P.T. Algumas permitem, outras vê-se que estão com um propósito apenas

didáctico e técnico. Até a tradução é um pouco estranha para nós, o que nas arias

antigas isso já não acontece porque há um texto para o qual a música foi feita, e

às vezes esse texto não é muito fácil para os alunos.

14. Considera que neste método a relação entre a música e a poesia é pertinente?

Pode dar um exemplo?

P.T. Nem sempre, sobretudo nas primeiras, depois já se encontram outras muito

bonitas.

15. Uma das principais preocupações de Vaccaj na escrita deste método, ao nível

técnico, é, por um lado unificação de registos e, por outro lado criar um

método acessível a todas as vozes.

a) Que tipo de contributo considera que as arietas podem ter para a

unificação de registos vocais?

P.T. Não tenho dúvidas que impõem reais dificuldades.

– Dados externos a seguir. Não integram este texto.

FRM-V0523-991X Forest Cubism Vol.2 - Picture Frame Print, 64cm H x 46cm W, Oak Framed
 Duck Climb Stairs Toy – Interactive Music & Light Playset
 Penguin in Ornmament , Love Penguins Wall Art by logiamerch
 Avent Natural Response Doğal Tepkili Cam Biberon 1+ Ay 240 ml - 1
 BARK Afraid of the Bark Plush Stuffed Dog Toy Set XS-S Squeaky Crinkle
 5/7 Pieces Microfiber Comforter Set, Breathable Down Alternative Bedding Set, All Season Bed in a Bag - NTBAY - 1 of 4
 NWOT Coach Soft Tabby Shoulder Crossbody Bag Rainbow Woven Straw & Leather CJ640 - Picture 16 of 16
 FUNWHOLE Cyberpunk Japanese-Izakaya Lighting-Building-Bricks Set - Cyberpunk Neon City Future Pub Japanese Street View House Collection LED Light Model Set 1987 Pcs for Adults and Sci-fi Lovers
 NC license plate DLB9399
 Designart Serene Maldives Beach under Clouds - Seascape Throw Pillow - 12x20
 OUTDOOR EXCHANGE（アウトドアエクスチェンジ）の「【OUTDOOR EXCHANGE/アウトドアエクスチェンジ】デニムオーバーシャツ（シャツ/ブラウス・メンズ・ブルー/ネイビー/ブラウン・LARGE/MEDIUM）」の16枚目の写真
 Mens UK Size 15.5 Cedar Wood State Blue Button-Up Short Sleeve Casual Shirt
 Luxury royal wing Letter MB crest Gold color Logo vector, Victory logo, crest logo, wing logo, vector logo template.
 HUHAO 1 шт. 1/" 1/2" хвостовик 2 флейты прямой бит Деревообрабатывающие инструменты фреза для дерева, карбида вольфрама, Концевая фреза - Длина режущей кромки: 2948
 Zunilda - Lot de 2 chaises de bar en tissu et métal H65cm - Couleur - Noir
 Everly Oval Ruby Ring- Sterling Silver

O aluno que as conseguir

fazer as arietas do método de uma forma correcta, consegue com mais facilidade

estudar o outro reportório. Todas as questões relativas à melodia estão sem

dúvida no MV.

b) Concorda que as arietas possam ser estudadas por todos os tipos de

vozes? Porquê?

P.T. Sim, sendo um método de estudo acho até pertinente.

16. Considera este método actual? Porquê?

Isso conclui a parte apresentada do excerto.